Short-term memory is also extremely sensitive to interference, fatigue, and attention. The reason you cannot remember the four things you walked into the kitchen for is rarely that the storage was overloaded; it is usually that something interrupted attention during the few seconds between intent and arrival.
How it works in the brain
Information enters short-term memory after passing through sensory memory and being attended to. Once there, it decays over a window of roughly 15 to 30 seconds unless rehearsed (e.g. saying a phone number to yourself repeatedly) or transferred to long-term memory through encoding.
The neural substrate involves prefrontal cortex (for the active maintenance) and content-specific posterior regions (auditory cortex for verbal information, visual cortex for visual). Working memory training generalises the most reliably within the type of content trained, suggesting the storage subsystems are at least partly distinct.

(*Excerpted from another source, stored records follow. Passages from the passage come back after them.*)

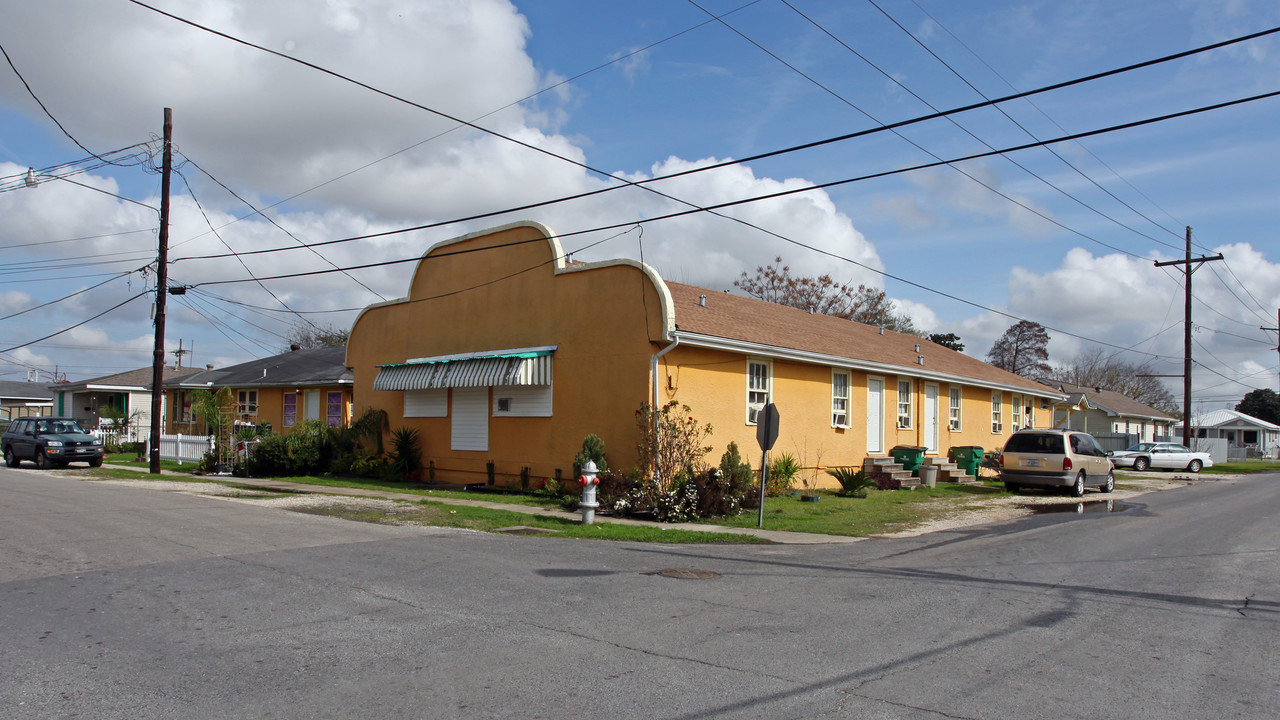 1069-1071 Avenue A in Westwego, LA - Building Photo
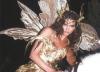 Potret Kendall Jenner dan Naomi Campbell Pakai Karya Rinaldy Yunardi di Acara Halloween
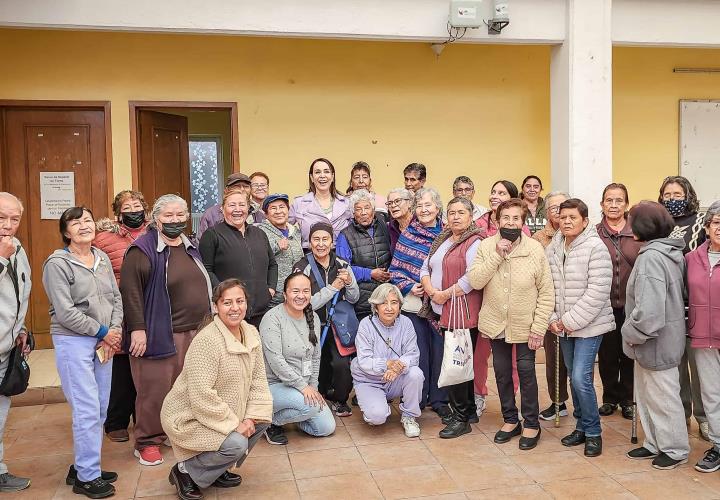 Visita a Centros Gerontológicos busca asegurar calidad en el servicio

How to improve short-term memory
The most powerful "improvement" is technique rather than capacity. Chunking (grouping individual items into meaningful units) effectively expands what you can hold without changing the underlying storage. So does deliberate rehearsal, paying conscious attention, and reducing interruptions during the short window between perception and storage.
Training on specific span tasks (Corsi blocks, complex span) produces measurable gains on those tasks. Whether that transfers broadly to everyday short-term memory is contested, with the Simons et al. (2016) review concluding the transfer is narrow.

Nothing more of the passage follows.